I can’t do this. I am an overworked, underfed, exhausted college freshman competing with students who’ve been perfecting their craft for years. I am only a girl with a keyboard, an assignment, and a few words. How can I make a difference here? Why should I care? So few people watch our show. Besides, it’s only a student-run show, no one will take us seriously. There are professionals out there, let them deal with this. Let them deal with the madness, and let me relax for a moment, something I’ve gone a long time without doing. 

But… I want to be that professional. I want to tell this story, even if it is in the smallest of ways. This is all I’ve ever wanted to do. I have always yearned to reach people, to tell them stories, to educate them. And in a moment, the thrill of where I am, who I’m with, and what I’m doing inspires me. I am a woman, in the year 2020. I am a student on a college campus and a journalist who has the opportunity of a lifetime. To tell an important story with my peers, to reach our minuscule audience and give them a little bit of information they may not have known. Yes, I am surrounded by people who have far more knowledge and experience than me, but I am surrounded by people who have far more knowledge and experience than me. This is my chance to learn, to adapt, to preserve, and to write an amazing story. 

Crap. 

I have 5 minutes until we go live and I have not yet sent the pictures, the credits, or the blurb we will read. 

4 minutes, my fingers fly over the keyboard, I cuss in frustration as the loading wheel turns, and turns, and turns, and then- yes! (thank god) it disappears. 

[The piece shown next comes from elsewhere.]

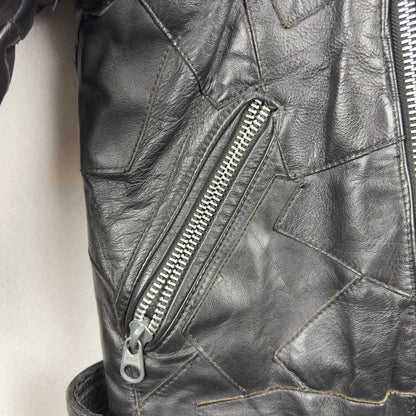Vintage Eagle Suede Patchwork Genuine Leather Biker Jacket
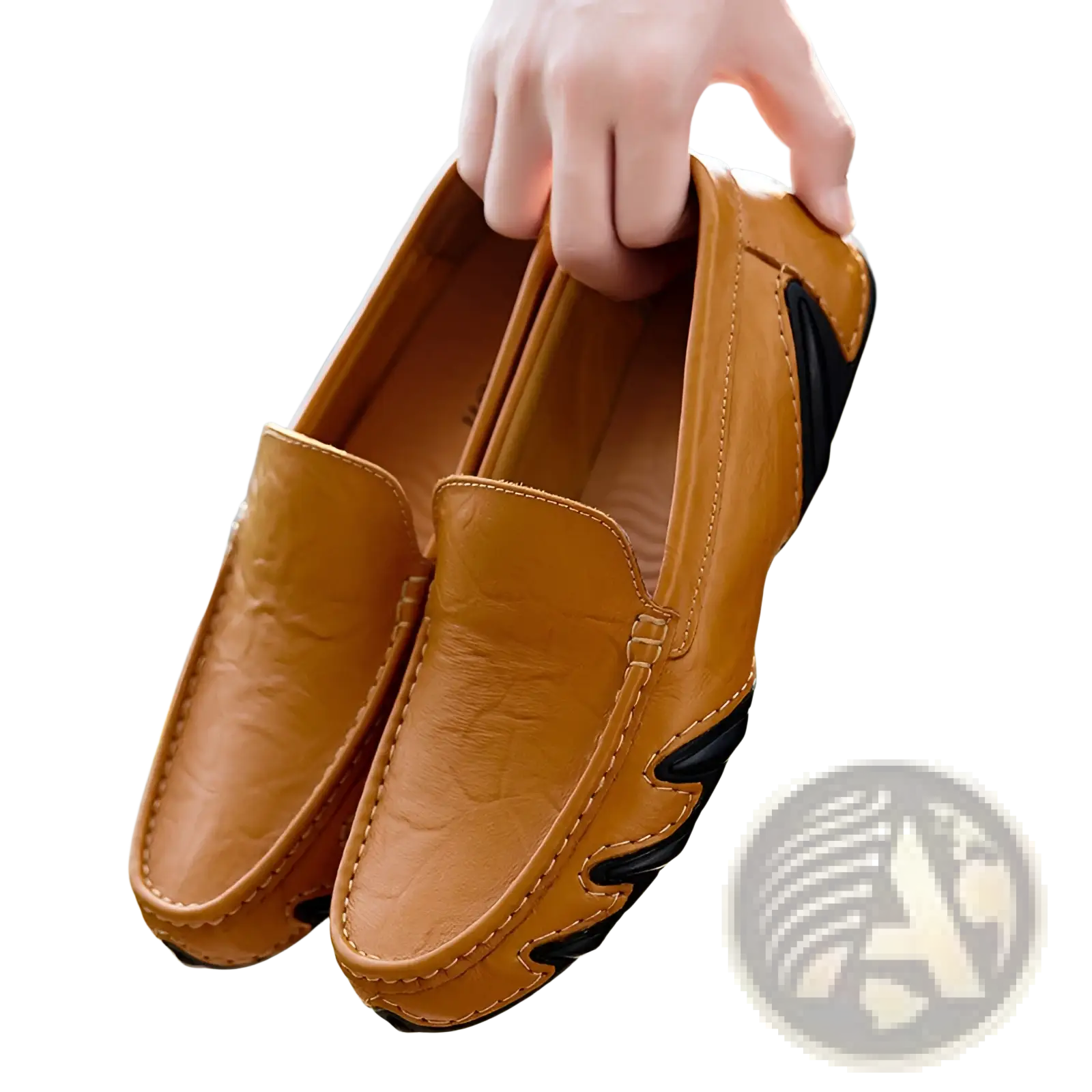 Tan leather loafers for men with black zigzag accents in retro British style shoes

3 minutes, run to the control room, check-in with the tech directors, – “no this picture goes first when I say “white house” and this one is from CBS, I didn’t have time to credit it”

2 minutes, check in with our producer -“here is the natural break in the topic so you can give the second half to me to say… yes right there”

1 minute, my teacher frantically waving at me to “Get in the studio now Anika. WAIT, here is your mic, put it on now, go!”

30 seconds, mask off, smooth out hair

10 seconds, “Why isn’t the teleprompter pulled up?” “I don’t know! We need it to go live, crap, I didn’t get a chance to-” 

5 seconds, “Oh here it comes now. Have you seen any of the script besides what you wrote? Cuz I haven’t.”

3 seconds, “Wait are you speaking first, or am I? 

2 seconds, “Where do I look?”

1second…. and we’re live! 

WAIT I’M- 

“Hello and welcome back to this week’s edition of Good Evening KU. Our show will look a little bit different today…..” 

So this is what it’s like in the professional world. Absolute chaos. Panic setting in while people, ideas, and orders fly around like gnats. Butting in, never really going away. And somehow, despite all the irritation, we get it figured out. It all turns out okay in the end. 

We are a beginner class. But we worked. And we got it done. Mostly. And we get praise for our efforts from our producer, our teacher, the professors in the building, even the upperclassmen look impressed (though they would never actually admit that). 

And we are proud of our work. We have made something that is rough around the edges, and fairly choppy, but successful. We have made a big difference. And despite my stomach growling, my parched throat, the two and a half hours in that tiny college studio, and the stress of the evening growing as the election ramps up, I am proud. I just did that. I learned. I got the experience that I wanted, and at KU I have gotten an experience unlike any other. 

I can’t wait to spend the rest of my college career in the walls of the William Allen White School of Journalism.